• **PROBLEM TO WORK ON**
Of the lines in the material below, print only those from the one containing "5306 Ridgeview Dr NW, Rochester, MN 55901" to the one containing "Moderne Waterfront-Villa mit", ends included, exactly as written and without pictures.

• **DATA EXTRACT**
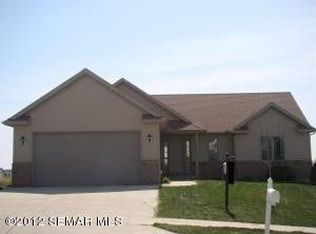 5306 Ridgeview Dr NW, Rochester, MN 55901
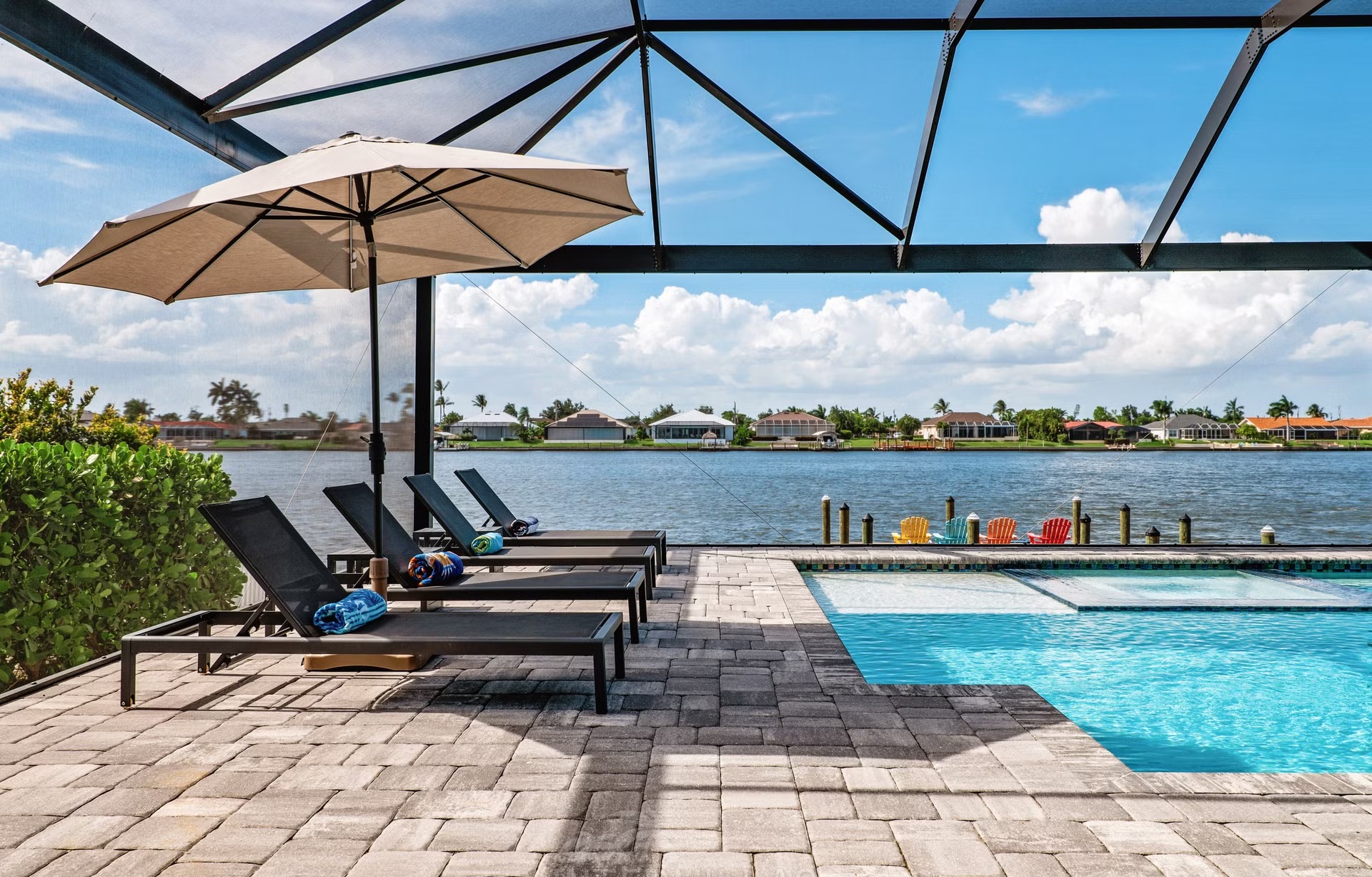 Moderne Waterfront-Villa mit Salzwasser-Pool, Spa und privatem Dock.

* * *

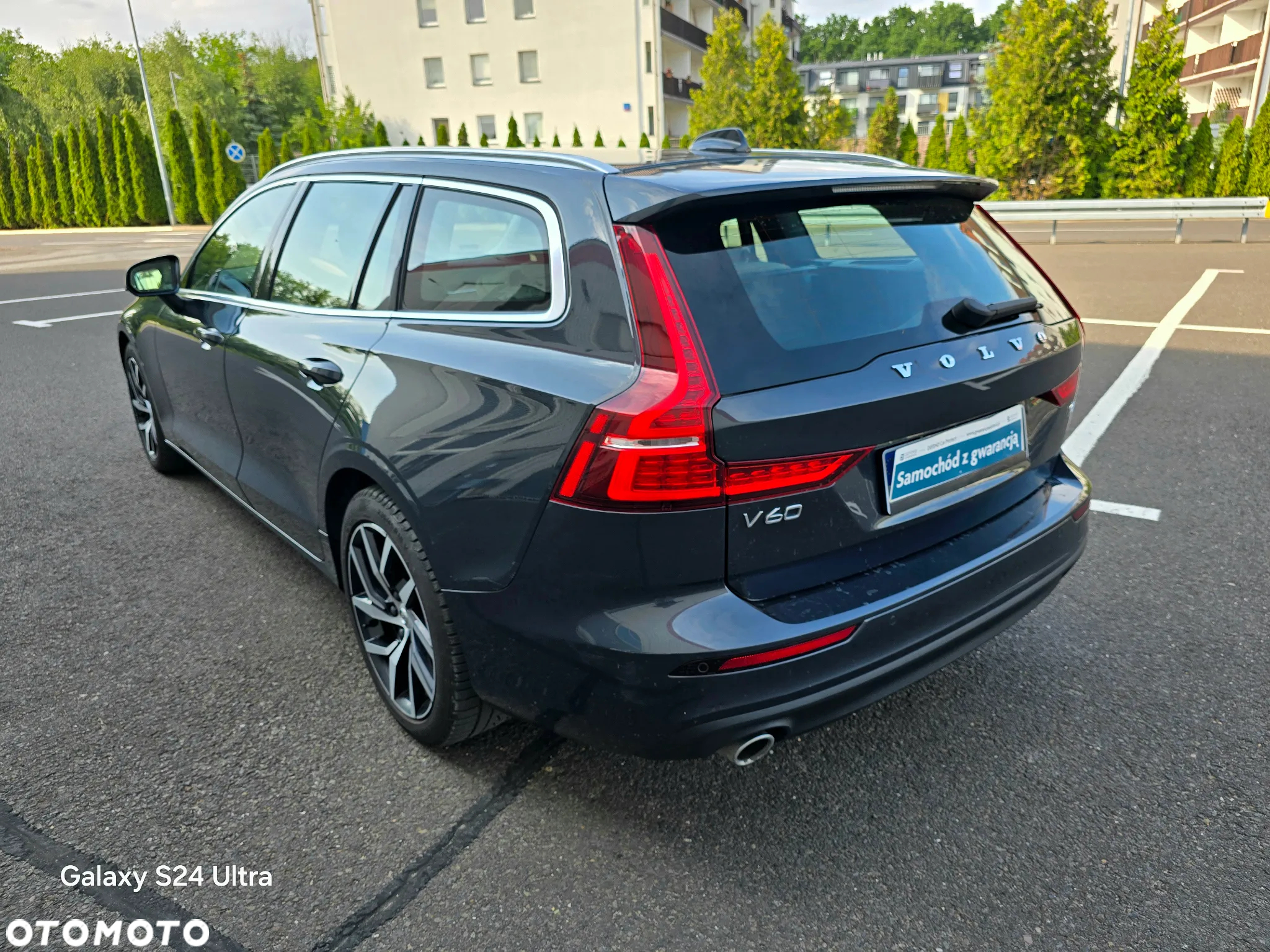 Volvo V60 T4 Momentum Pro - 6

• **ANSWER SECTION**
 5306 Ridgeview Dr NW, Rochester, MN 55901
 Moderne Waterfront-Villa mit Salzwasser-Pool, Spa und privatem Dock.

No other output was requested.